RAKHINE—Regime media reported Brigadier General Soe Tint replaced Major General Myat Kyaw as the chairperson of its “special investigation tribunal,” set up in 2017 to investigate a massacre of Rohingya in Chut Pyin village of Rathedaung Township. The tribunal was established by the Burma Army on July 2, 2020 “to reveal the truth of the incident.” The investigation had been suspended due to the fact that witnesses and people with knowledge of the massacre were forced from their homes and no longer lived in the village. COVID-19 travel restrictions were also blamed for the suspension. The investigation will continue, according to reports. 

On Aug. 25, 2017, the Arakan Rohingya Salvation Army (ARSA) launched simultaneous attacks on more than 30 border guard police stations and an army battalion in northern Rakhine. Following the attack, the Burma military committed arson attacks and massacres against Rohingya civilians in Rathedaung’s Chut Pyin and Buthidaung’s Maung Nu villages coined “security clearance operations.” The Independent Commission on Enquiry (ICOE) announced in February 2020 that at least 100 locals were killed in Chut Pyin village, and no fewer than 100 were killed in Maung Nu village. The Burma Army claimed its tribunal was formed to examine these accusations.

SHAN—The Shan State Progress Party/Shan State Army-North (SSPP/SSA-N) demanded an explanation as to why a fighter jet flew over its headquarters in Wan Hai, Kyethi Township without prior notice on Jan. 24. The SSPP claimed the flyover was “an insulting act,” and warned the junta not to repeat it again. The incident comes weeks after the SSPP met with the junta for “peace talks.” 

TANINTHARYI—Lin Lin Tun, a journalist from state media outlet MRTV-4, was killed in Kalain Aung town, Ye Phyu Township on Jan. 24. “He was from the military’s 401 Light Infantry Battalion. He used to play at the billiard table spot and gave information to the military. We killed him because he didn’t do his job well [as a journalist] and acted as a military informant,” said the anonymous spokesperson of a local resistance force.

YANGON—Two people were killed at a tea shop in Mayangone Township on Jan. 25, according to locals. “I heard six gunshots.
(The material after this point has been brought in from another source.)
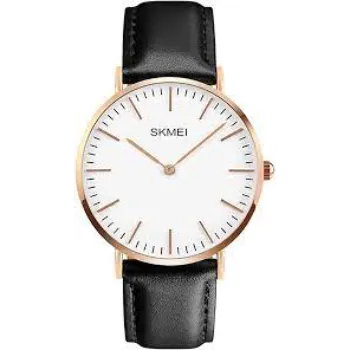 Mens Leather Dress Wrist Watch Black Band Casual Analog Watch 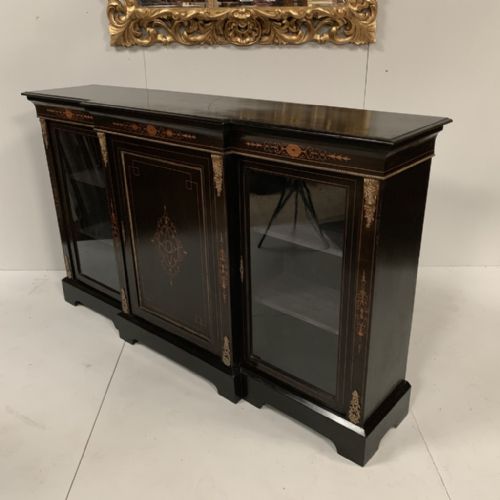 quality black lacquered breakfront credenza - CATEGORY: ANTIQUE SIDEBOARDS - DATED 1880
The pair died instantly,” a local told DVB. The gunmen fled the scene. The Burma Army arrived afterwards to inspect the scene of the crime.
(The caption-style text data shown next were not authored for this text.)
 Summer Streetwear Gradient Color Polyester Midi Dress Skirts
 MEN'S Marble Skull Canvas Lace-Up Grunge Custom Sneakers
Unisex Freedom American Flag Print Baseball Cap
The junta’s census workers have been investigating political activists and striking civil servants while collecting data, according to residents of several townships. Locals told DVB that they were asked additional questions that were unrelated to the census. “Collecting census data is understandable. It is enough to ask for household lists and identity cards, but now they are asking about jobs. They are investigating whether there are civil servants or Civil Disobedience Movement [CDM] workers in a house,” said a resident in Sanchaung Township. The Burma Army arrested four people while census data was being collected in Sanchaung, Insein, and Hlaing townships, according to residents. Census data has been collected across Burma since Jan. 9.
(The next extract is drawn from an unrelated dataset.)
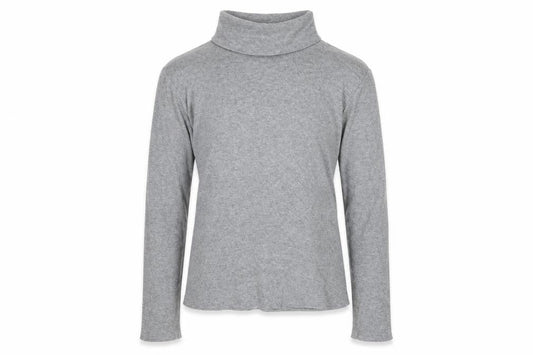 Front view of Lands' End girls’ grey cotton basic t-shirt, size 10-11, years roll neck pullover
Regime forces have been spotted riding buses to determine if CCTV cameras are turned on in the vehicles. Yangon bus passengers told DVB that soldiers boarded buses near Yangon General Hospital on Jan. 24 and questioned the drivers to find out whether or not its CCTV cameras were turned on. Armed soldiers checked passengers on the bus. The Yangon Region Transport Authority (YRTA) ordered CCTV cameras to be installed on Yangon public buses on Dec. 5, 2022. A surveillance system to monitor the buses was reactivated.